I’ve mentioned Moore’s Law in passing a few times before. While many in the technology industry see the concept only on its most direct level – that of semiconductor scaling (the ability of the semiconductor industry, so far, to double transistor density every two or so years) – I believe this fails to capture its true essence. It’s not so much a law pertaining to a specific technology (which will eventually run out of steam when it hits a fundamental physical limit), but an “economic law” about an industry’s learning curve and R&D cycle relative to cost per “feature”.
Almost all industries experience a learning curve of some sort. Take the automotive industry – despite all of its inefficiencies, the cost of driving one mile has declined over the years because of improvements in engine technology, the building of the parts, general manufacturing efficiency, and supply chain management – but very few have a learning curve which operates on the same speed (how rapidly an industry improves its economic performance) and steepness (how much efficiency improves given a certain amount of “industry experience”) as the technology industry which can rely not only on learning curves but disruptive technological changes.

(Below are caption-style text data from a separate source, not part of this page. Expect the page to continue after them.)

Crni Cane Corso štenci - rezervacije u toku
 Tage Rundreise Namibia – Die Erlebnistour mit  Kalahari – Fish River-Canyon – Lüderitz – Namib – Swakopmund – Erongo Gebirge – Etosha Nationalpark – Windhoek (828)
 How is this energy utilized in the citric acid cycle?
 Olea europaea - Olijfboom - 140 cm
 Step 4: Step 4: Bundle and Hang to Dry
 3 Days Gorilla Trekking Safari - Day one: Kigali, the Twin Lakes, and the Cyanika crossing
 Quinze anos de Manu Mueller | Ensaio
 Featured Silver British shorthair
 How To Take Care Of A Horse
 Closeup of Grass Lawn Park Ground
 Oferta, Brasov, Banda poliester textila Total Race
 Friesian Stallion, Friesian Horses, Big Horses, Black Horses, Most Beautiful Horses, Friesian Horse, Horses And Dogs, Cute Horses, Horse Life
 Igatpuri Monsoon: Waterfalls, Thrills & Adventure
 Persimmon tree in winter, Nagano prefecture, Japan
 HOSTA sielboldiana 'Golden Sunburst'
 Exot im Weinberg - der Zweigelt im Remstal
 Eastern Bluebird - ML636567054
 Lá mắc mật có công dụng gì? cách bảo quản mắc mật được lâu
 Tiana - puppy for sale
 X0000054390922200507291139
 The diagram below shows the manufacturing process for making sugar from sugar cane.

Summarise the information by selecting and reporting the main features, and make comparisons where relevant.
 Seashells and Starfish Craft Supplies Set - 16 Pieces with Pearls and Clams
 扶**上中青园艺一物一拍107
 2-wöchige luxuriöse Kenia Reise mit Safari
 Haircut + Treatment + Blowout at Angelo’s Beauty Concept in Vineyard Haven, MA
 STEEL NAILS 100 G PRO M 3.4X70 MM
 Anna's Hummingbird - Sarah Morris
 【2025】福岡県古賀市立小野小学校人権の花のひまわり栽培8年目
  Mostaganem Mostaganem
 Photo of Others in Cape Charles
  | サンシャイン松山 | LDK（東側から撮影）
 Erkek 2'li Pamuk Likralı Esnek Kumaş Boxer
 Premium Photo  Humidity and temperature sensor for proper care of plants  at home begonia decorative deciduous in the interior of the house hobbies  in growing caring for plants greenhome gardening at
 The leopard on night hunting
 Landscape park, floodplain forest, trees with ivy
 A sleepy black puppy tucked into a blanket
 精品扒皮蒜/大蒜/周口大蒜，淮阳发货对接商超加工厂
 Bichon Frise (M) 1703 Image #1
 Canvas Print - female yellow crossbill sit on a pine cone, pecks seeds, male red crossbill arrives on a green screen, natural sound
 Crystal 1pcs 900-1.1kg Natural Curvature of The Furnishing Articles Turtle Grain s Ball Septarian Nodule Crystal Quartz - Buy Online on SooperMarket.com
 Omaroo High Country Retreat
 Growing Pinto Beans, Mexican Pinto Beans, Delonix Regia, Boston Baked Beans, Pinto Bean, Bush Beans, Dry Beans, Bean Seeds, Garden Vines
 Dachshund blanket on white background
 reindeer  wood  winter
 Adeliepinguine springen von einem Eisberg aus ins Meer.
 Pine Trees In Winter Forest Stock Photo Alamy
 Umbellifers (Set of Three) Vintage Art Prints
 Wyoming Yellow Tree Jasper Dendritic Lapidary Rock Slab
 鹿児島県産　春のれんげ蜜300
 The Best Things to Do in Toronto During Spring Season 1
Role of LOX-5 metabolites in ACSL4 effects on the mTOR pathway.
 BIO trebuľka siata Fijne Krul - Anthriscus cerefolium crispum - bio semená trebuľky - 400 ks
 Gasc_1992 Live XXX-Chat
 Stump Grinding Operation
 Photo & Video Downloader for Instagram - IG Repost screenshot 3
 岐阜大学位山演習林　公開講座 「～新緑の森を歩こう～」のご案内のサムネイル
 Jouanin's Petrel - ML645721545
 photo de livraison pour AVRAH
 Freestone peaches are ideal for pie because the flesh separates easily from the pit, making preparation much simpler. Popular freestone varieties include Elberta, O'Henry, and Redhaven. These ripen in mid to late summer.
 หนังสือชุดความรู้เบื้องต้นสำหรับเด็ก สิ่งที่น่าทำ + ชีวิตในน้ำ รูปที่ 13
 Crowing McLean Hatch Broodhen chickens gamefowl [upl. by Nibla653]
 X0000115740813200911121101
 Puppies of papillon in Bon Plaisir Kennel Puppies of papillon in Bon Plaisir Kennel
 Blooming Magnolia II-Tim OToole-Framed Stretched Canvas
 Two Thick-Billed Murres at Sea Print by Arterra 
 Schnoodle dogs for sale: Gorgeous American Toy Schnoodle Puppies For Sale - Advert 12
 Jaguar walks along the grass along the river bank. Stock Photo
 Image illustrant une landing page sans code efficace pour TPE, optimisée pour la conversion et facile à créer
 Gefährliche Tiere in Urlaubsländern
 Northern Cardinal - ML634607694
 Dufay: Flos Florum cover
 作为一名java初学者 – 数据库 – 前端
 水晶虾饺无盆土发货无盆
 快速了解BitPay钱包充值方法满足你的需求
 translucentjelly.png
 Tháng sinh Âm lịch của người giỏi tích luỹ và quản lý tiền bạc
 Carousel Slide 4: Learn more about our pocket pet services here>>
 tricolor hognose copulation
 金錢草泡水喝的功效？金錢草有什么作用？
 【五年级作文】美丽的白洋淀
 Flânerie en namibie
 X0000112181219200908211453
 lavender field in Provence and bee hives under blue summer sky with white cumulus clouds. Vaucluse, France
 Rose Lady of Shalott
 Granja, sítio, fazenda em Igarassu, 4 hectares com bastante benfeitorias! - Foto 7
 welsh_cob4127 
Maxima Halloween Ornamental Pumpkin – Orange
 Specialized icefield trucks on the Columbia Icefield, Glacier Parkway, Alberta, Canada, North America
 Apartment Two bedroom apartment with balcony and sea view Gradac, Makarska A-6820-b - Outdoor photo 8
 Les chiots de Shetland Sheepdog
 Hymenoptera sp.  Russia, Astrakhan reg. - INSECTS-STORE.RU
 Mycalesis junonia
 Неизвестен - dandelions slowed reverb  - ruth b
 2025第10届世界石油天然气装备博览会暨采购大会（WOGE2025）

One of the best illustrations I’ve seen of this is a recent post on MacStories comparing a 2000 iMac and Apple’s new iPhone 4:
|2000 iMac||2010 iPhone 4|
|Processor||500 MHz PowerPC G3 CPU||1 Ghz ARM A4 CPU|
|Graphics||ATI Rage 128 Pro (8 million triangles)||PowerVR SGX 535 (28 million triangles)|
|Storage||30GB Hard Drive||32GB NAND Flash|
|Weight||34.7 pounds||4.8 ounces|
Although the comparisons are not necessarily apples-to-apples, they give a sense of the speed at which Moore’s Law progresses. Amazing, no?